I am opening the file using requests.get().json() in python 3 and parsing the data in order to create a list of representative points using polygon boundaries with shapely, transforming coordinates to the Albers Equal Area projection to calculate polygon areas, and combining lists creating a Pandas dataframe of the postal codes, their representative points, and areas.
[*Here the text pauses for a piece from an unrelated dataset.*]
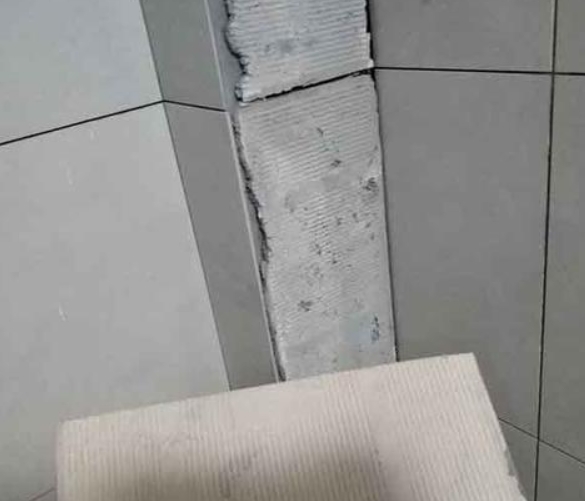 竹溪瓷砖空鼓维修公司分享下厨房瓷砖脱落的补救措施。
My code for doing so looks like this:

import numpy as np
import pandas as pd
import requests
import urllib
import io
import json
import lxml.html as lh
import bs4 as bs
import pyproj
from shapely.geometry import shape, Point
import shapely.ops as ops

urlzip = 'https://tsb-opendata.s3.eu-central-1.amazonaws.com/plz/plz.geojson'
berlinzip_json = requests.get(urlzip).json()

area = []
lats = []
lons = []
name = []

for feature in berlinzip_json['features']:
        name.append(feature['properties']['plz'])
        polygon = shape(feature['geometry'])
        p=polygon.representative_point()
        lons.append(p.x)
        lats.append(p.y)
    
    geom_aea = ops.transform(
        pyproj.Proj(
        proj='aea',
        lat_1=polygon.bounds[1],
        lat_2=polygon.bounds[3]),
    polygon)
    a = geom_aea.area/1000**2
    area.append(a)
postal_codes= pd.DataFrame(data={'Postal Code':name, 'Latitude':lats, 'Longitude':lons, 'Area':area})
postal_codes = postal_codes.iloc[0:191,:]
postal_codes.sort_values(['Postal Code'], ascending=True, axis=0, inplace=True)
postal_codes

In the output I always get the same result, an unwanted duplicate.
Duplicate shown in Dataframe

I suspected it might be duplicated within the GeoJSON file itself, but when I manually checked the file the particular postal code only appears once and there don't appear to be any abnormalities. As shown in GeoJSON file

I am at a loss for why this error of unwanted duplication occurs with the same postal code (14193) each time I run the code. I wonder if it is an issue in my own code, but I do not see anything that would produce one lone duplicate each time. For now I am simply deleting the duplicates after I run the code, so it has not been a major issue, but I can't help but ask whether anyone else who has experienced this issue and can provide some insight into what is causing this issue.

Any thoughts and ideas would be greatly appreciated.

1

There are 1 answers

3
noob On

no problem with your code : 1- I manually checked the geojsom file using find: "plz": "14193" i fount two postal code with the same values

2- if you check your length of len(berlinzip_json['features']) you find it 194 the same records of you dataframe after removing postal_codes = postal_codes.iloc[0:191,:]

I think nothing wrong with your code